Mosaics, Theme 6 featuring Harry Beckett. Another version of this music can be heard below.
Manuscript. As you will see the music is sparse to say the least, but the piece is made into a jazz composition by the way the musicians use the given starting points. This is one of the areas explored in my new book the jazz composer, moving music off the paper.
More details on each of the individual records and some audio and manuscript can be found by clicking on the album titles above.
BGO followed up this package in September 2008 with another double CD set this time with some surprising new material. Graham’s first record, Deep Dark Blue Centre (Deram, 1967), was long though to be in mono only, but the All About Jazz discussion board revealed that there had been a stereo version released, which was a surprise even to Graham. After a request on the AAJ forum, Graham and his engineer Tom Leader borrowed a copy of the stereo LP from Bob Bastow (AAJ avatar Sidewinder), that was subsequently remastered for BGO. Graham’s fifth disc, Portraits (Saydisc 1973), was also included in the package, but the real surprise is the inclusion of The Alternate Mosaics, a different version of Mosaics, recorded on the same night as the original in 1970. See below for more on this.

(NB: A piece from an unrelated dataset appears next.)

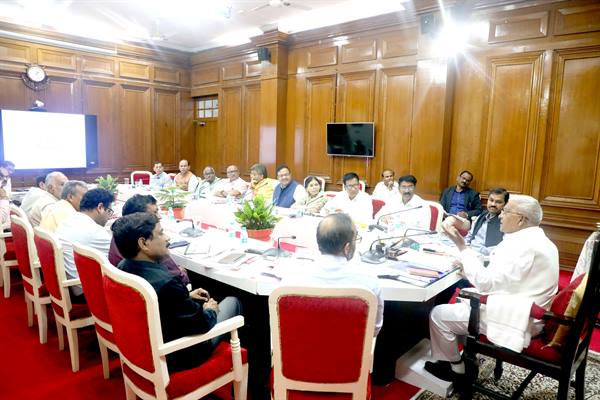 विश्वविद्यालय परिवर्तन के वाहक बनें : राज्यपाल श्री पटेल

Conversations featuring Kenny Wheeler and Dave Aaron (in Stereo!)
The Alternate Mosaics, Theme 6 featuring Harry Beckett.
Another version of this music can be heard above, where there is a link to the MSS used.

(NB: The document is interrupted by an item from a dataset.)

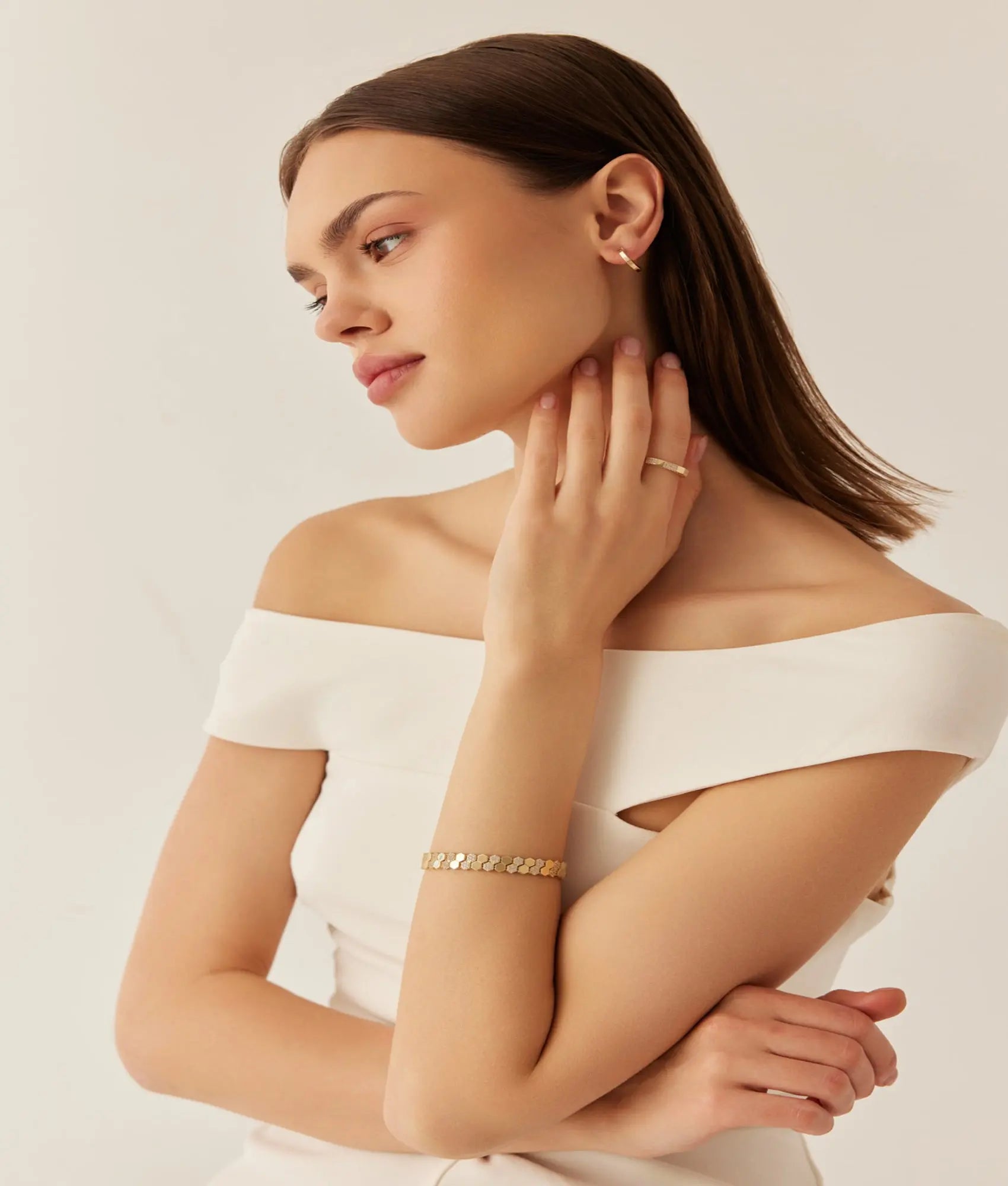 14 Ayar Altın Taşlı Çift Sıra Altıgen Bileklik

More details on each of the individual records and some audio and manuscript can be found by clicking on the album titles above.

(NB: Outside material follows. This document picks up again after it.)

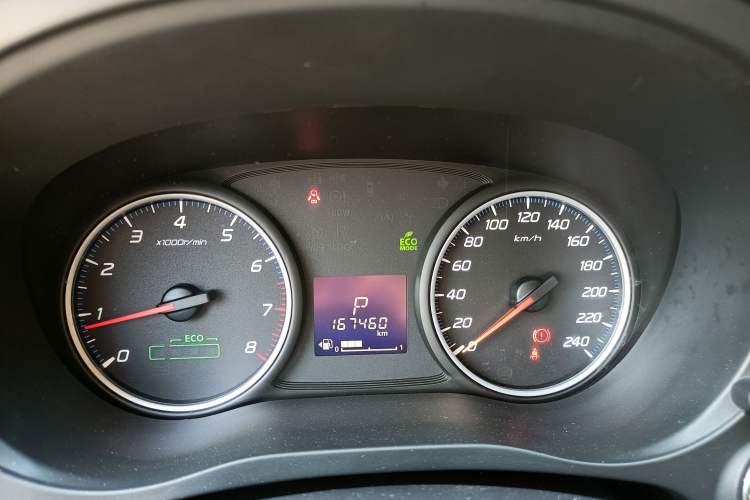 Used Mitsubishi Outlander 2018 2.0L Two-Wheel-Drive Jiale Edition 7-Seater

In September 2009 BGO continued its chronological look at Graham’s career with another double CD set this time with Darius (1974), Midnight Blue (1975) and New Conditions (1976). These were originally produced as LPs for Graham’s own Mosaic label, and then reissued as single CDs by Disconforme. They have now been remastered and the new package contains the original LP liner notes as well as some of the reviews of the LP and Disconforme issues.

New Conditions, Part Four featuring John Mitchell, percussion.
More details on each of the individual records can be found by clicking on the album titles above.
All three compilations were remastered by Tom Leader of LCL Digital.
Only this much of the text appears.